THE DATA
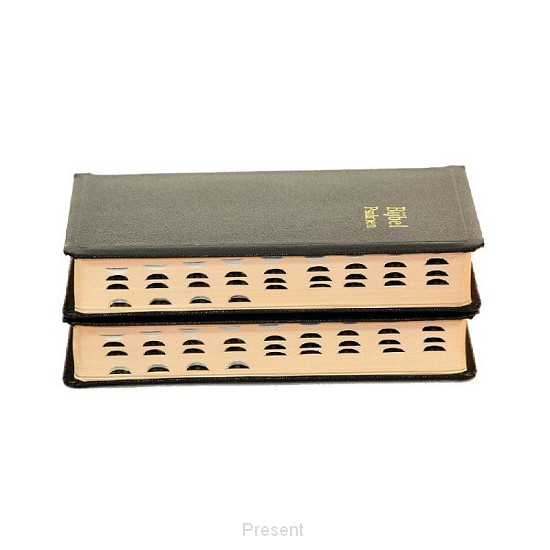 Met Psalmen (Datheen) en formulieren.
8,4 x 12,6 cm.
Dundruk.
Met 10 landkaartjes.
In kartonnen koker.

TASK ITEM
Repeat each record as given. No picture belongs in the copy.

WRITTEN RESPONSE
 Met Psalmen (Datheen) en formulieren.
8,4 x 12,6 cm.
Dundruk.
Met 10 landkaartjes.
In kartonnen koker.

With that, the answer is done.